Sara Farb on getting her big break at the Stratford Festival
The University of Toronto graduate talks broadway dreams
Farb will star in the upcoming Mirvish production of ‘Fun Home’
Veteran Stratford Festival actor Sara Farb, started out in the drama program at Earl Haig Secondary. Never hinging her hopes on one passion, she was known for being active with the student council, choir and various social climate initiatives.
“What’s great about Earl Haig is that in many ways it contradicts the typical high school experience, in that how popular you are mirrors how involved you are with school activities,” she says.
The tendency to hedge her bets continued when she decided to study English literature at U of T, rather than drama. Attempts at practicality aside, she couldn’t shake the theatre’s powerful draw, and became involved in Toronto’s indie theatre scene.

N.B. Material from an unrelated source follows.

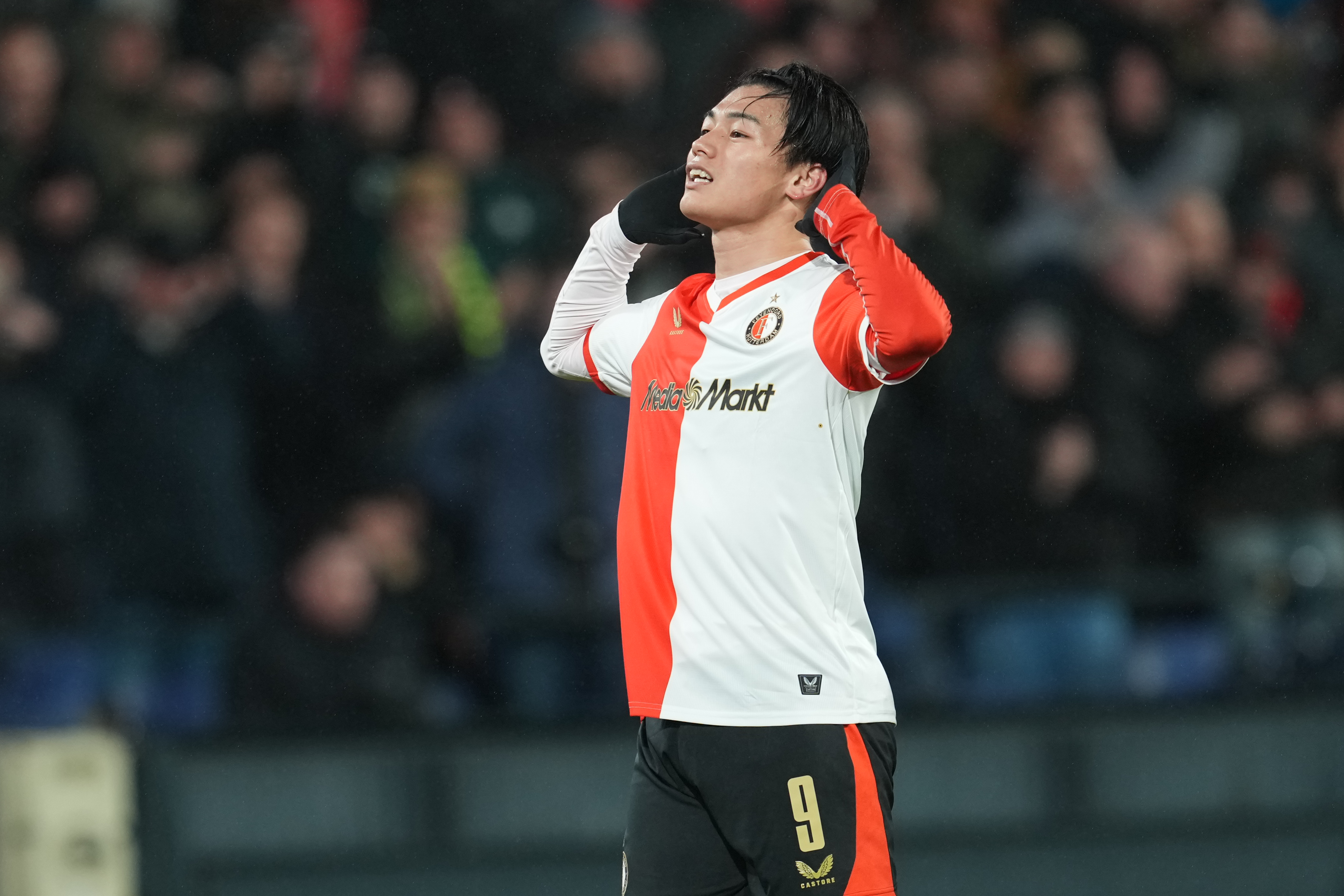 Liveblog • Ueda weer 'ouderwets' op scoringsdrift tegen PEC Zwolle [2-0]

“Acting had been a constant in my life, and I couldn’t really fathom an existence without it.”
Farb took classes in copywriting at George Brown and performed in cabarets and self-produced small-stage theatre.
“It took me a while to find how to fit in with my skill set,” she says.
One day, an audition for the Stratford Festival turned her pipe dream into a legitimate career path. Farb was cast in the festival’s 2013 season. She would spend the next five years with the festival, growing immensely as an actor and playing seminal roles like Juliet (Romeo and Juliet, 2017) and Anne Frank (The Diary of Anne Frank, 2015).
“I’m eternally grateful to Stratford,” she says. “Being cast there was the most out of the blue and life-changing moment of my life,” she says.
Taking this year away from the festival to focus on other ventures has proven very fruitful as well. Having just finished a run in the smash hit The Humans, at Canadian Stage, Farb now heads into rehearsals for Mirvish’s newest venture, 2016 Tony Award–winning musical Fun Home. Based on the graphic novel by Alison Bechdel, Fun Home is an adapted memoir, outlining Bechdel’s coming-of-age, employing themes of gender roles, sexuality and family dysfunction. The critically acclaimed show will run April 13 to May 6 at the CAA Theatre (formerly the Panasonic).
The Bechdel Test, a test created by Alison Bechdel, is a crucial piece of the feminist movement in Hollywood.
“It [the Bechdel Test] provides such a great cultural frame of reference for the show. People know who she [Bechdel] is and what she stands for,” says Farb.
The test pushes for more work by women and featuring women and challenges us to look critically at works of fiction, such as films, for any conversation between two women that does not centre on a man, a test that surprisingly many works fail.
Moving forward, Farb hopes to continue on her chosen path, hoping to one day originate a role on Broadway and create more of her own original work.
“I’d love to write a show that has a long life, one that transcends the present moment,” she muses.